George Grundy’s name is mud! And his lies about the great Borsetshire car crash have caused heart attacks and near-death by chainsaw. But even that couldn’t stop a cosy crime subplot worthy of Richard Osman
Mere prose seems insufficient to map the latest rifts and schisms in Ambridge: an infographic, a diagram, possibly an interpretation in the form of expressive dance seem better suited to the task. But to offer an attempt: George Grundy’s name is mud, now that everyone knows he lied about causing the great Ambridge car crash, and is anything but a hero. Brian Aldridge gave himself an angina attack even thinking about him, and police officer Harrison nearly beat him up. Lilian gave her sister-in-law Pat an earful for offering to be his character witness. (Pat, a known Guardian reader, has dangerous progressive views on whether Prison Is the Answer.) Emma has left the tea shop because she and Fallon can no longer be in the same room (this after a ghastly “mediation session” run by the ever-pompous Tom Archer). Emma and Ed had a row while doing a tree surgery job (one of them is bound to sever a limb with those damn chainsaws, or be crushed to death by a falling branch). George stopped speaking to Emma (though a rapprochement has been effected). Eddie stopped speaking to Susan. Formerly super-close siblings Emma and Chris may never speak again. At the Bull, Jolene and Kenton threw George’s special beer mug, presented to him for his “heroic” rescue actions on the night of the fateful crash, in the bin. I’d like to say that covers everything, but I don’t suppose it does.

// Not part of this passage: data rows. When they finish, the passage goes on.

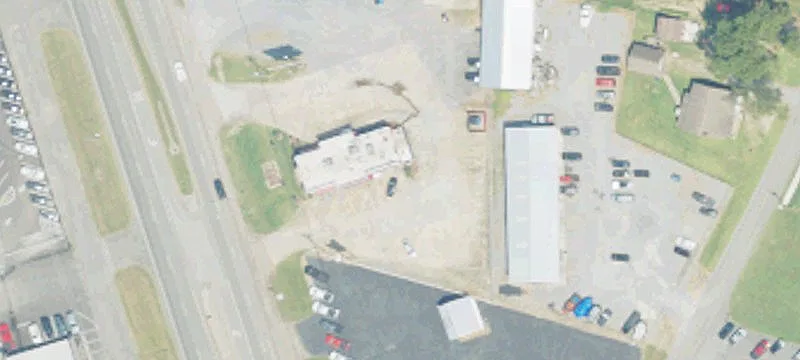 1254 Us Hwy 431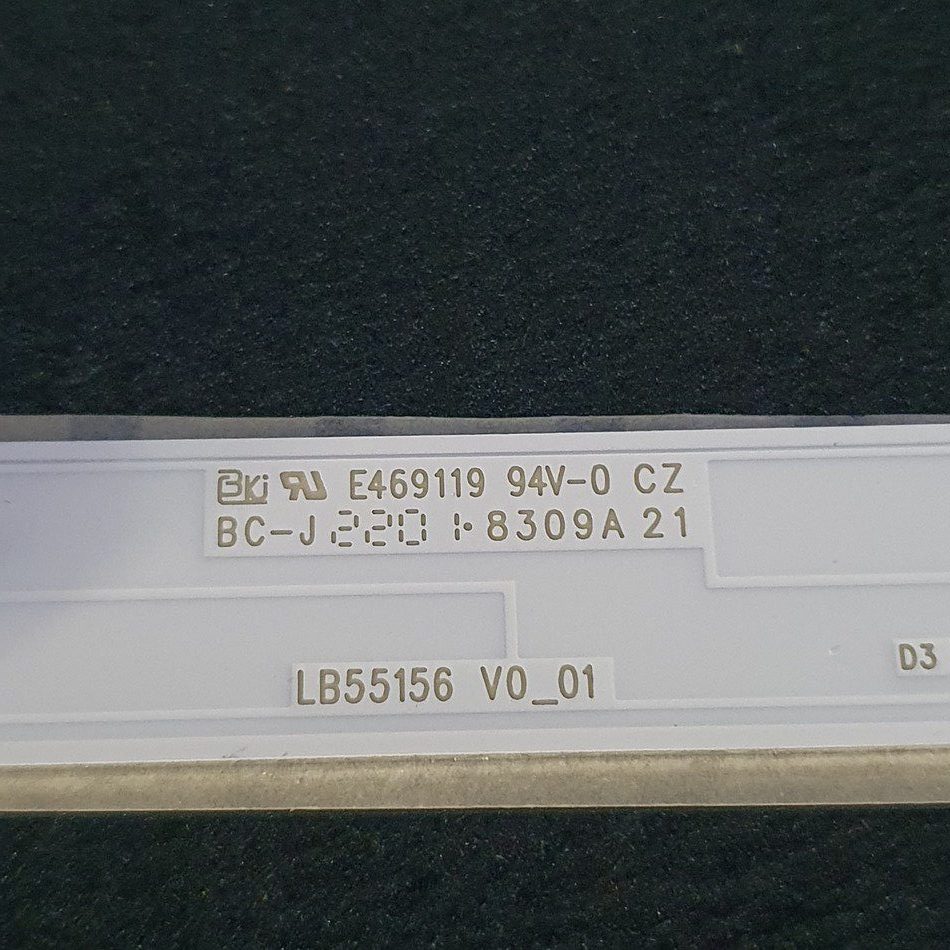 BARRE-LEDS-3-7-e1734702097485 BARRE-LEDS-3-7-e1734702097485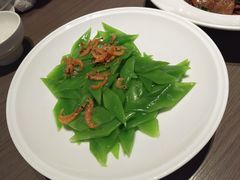 -将相和·海鲜蒸饺大连菜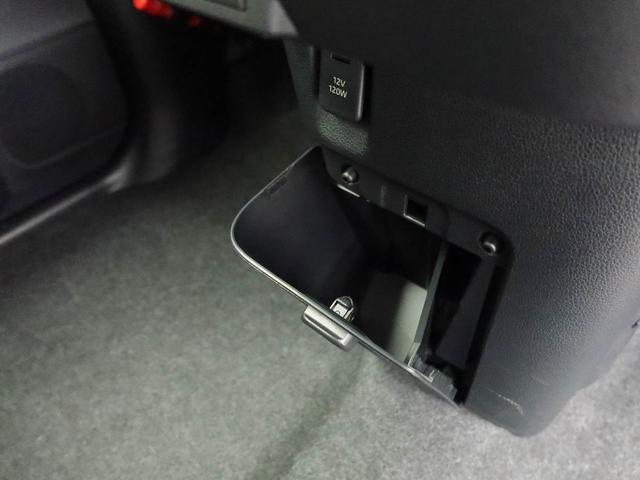 ムーヴキャンバスストライプスＧ衝突被害軽減ブレーキ　両側電動スライドドア　車線逸脱警報　コーナーセンサー（愛知県）の中古車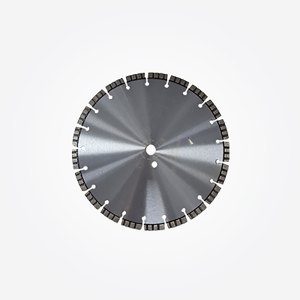 CLFM General Purpose Diamond Blade for Wet Saws (360mm)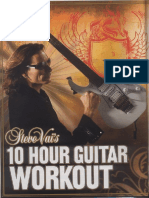 pdfcoffee.com_steve-vai-10-hour-guitar-workoutpdf-pdf-free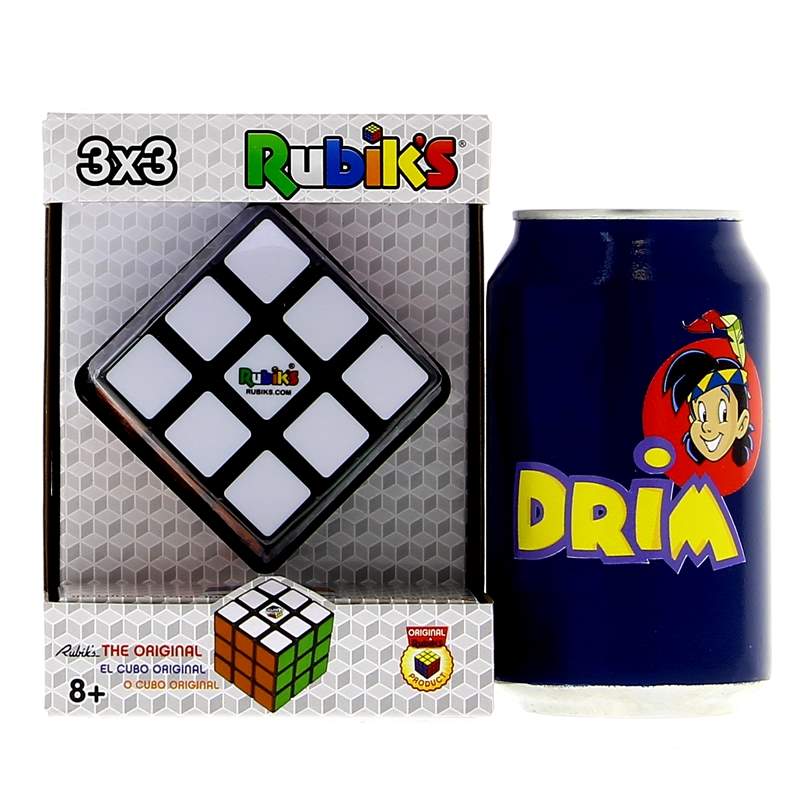 Rubik-s-Cubo-3X3_3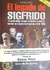 EL LEGADO DE SIGFRIDO **PROMO**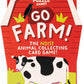 Go Farm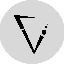 VNetwork交易所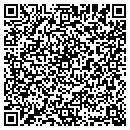 QR code with Domenico Caruso contacts
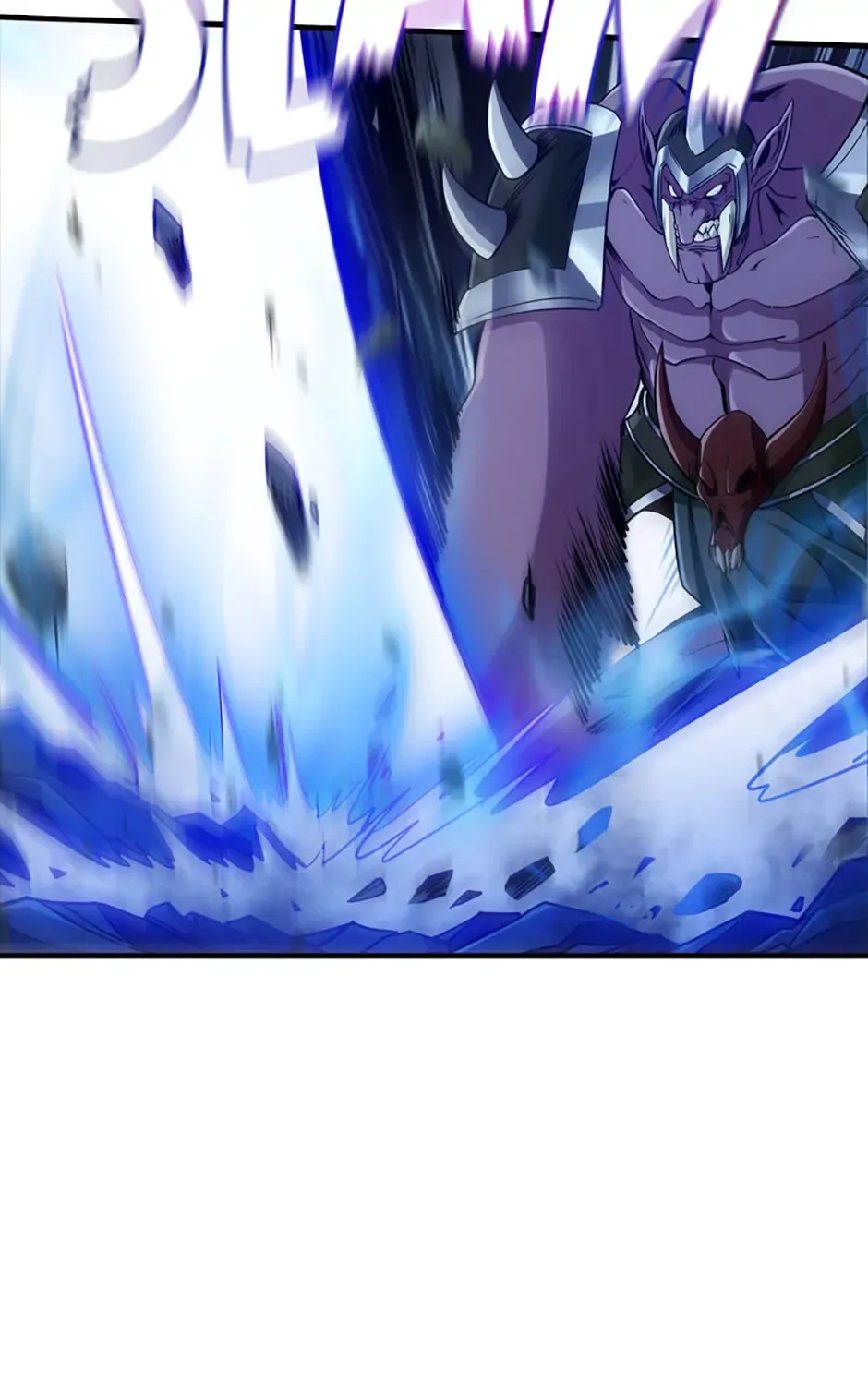 Read My 1.5-Billion-Won Item chapter 44 image 103 on Lezhin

What to think? This column has tended to take a dim view of George Grundy. But, as Pat said, he is complicated. Venal and amoral he may be; selfish and a bully, certainly. Would he be cured by a spell inside? I think not. Will some seed of goodness – his occasional bouts of hard work, his ambition – pull him through to some brighter future? I guess you never know.
George Grundy adapts to life in prison, and someone has already wet his bed. There’s been quite the terrifying crime surge in Ambridge lately
Well then, George Grundy was sent down. The prisons system being what it is, there’s no room for him among the young offenders. He’s with the big lads, in proper grownup jail, and someone has already pissed in his bed. It sounds … awful. George has promised he’ll come out of this experience better than he went in. Good luck with that: I’m unsure how he’ll survive without getting sucked into The Gang That Runs the Wing.
Brad Horrobin has been to visit him, George understandably preferring to see his undemanding mathematician cousin than his spiralling-out-of-control parents. George has historically got Brad in trouble – the affair of the vandalised bench in Grey Gables springs to mind. Maybe Brad will be the steadying influence who helps George survive his ordeal. Or maybe – I can see this all too clearly – Brad will end up the introverted but ruthless bespectacled accountant running the money-laundering side of George’s future criminal empire, the seeds of which will be sown during his time banged up.
While her family roast their own turkeys, bitter Emma calls a halt to festivities, what with her son being banged up. Then Joy’s mystery daughter arrives, fresh from a … cult?
The wheel of fortune has turned. This Christmas, the Aldridges – finally on an even keel after Alice was exonerated from involvement in the fateful car crash on the Am – spent a day of familial bliss dining on Scandinavian themed treats, like so many Norse gods in a Wagner opera, under the elegant awning of one of Kate’s yurts. The Grundy/Carters, by contrast, are in a state of schism, broadly along the lines of who was willing to grass George Grundy up to the police and who wasn’t. Various festive lunch combinations were mooted in a bid to circumnavigate the great Eddie Grundy/Susan Carter rift (Susan having definitively broken the code of the Grundys when she insisted the police handle the crimes of her grandson). The Grundy festive table was all about turkey, of course, since they raise the birds; the Carters were planning a typically upwardly mobile affair of salmon en croute and a baked ham, with the lower branches of the family expected to shuttle between the two households. Emma Grundy (née Carter) called a halt, though. With her son George banged up she couldn’t face the pretence of joy and celebration.
Emma: what a fascinating package of human qualities she is. She is filled, very often justifiably, with class resentment. She is chippy, yet – what with her recent excursions into studying English literature – aspiring. She can be malicious – as when she posted anonymous remarks to the stables website denouncing her ex-sister-in-law Alice. She can be self-regarding and oddly blind (is it any wonder that, having concealed a crime from the police, someone might have objected to her presence on the parish council?). Amid all that bitterness, though, is a woman who loves her son and wants better for her family. Perhaps, what with the new arboricultural business, she will attain contentment yet. If she doesn’t accidentally chainsaw off her own limbs first.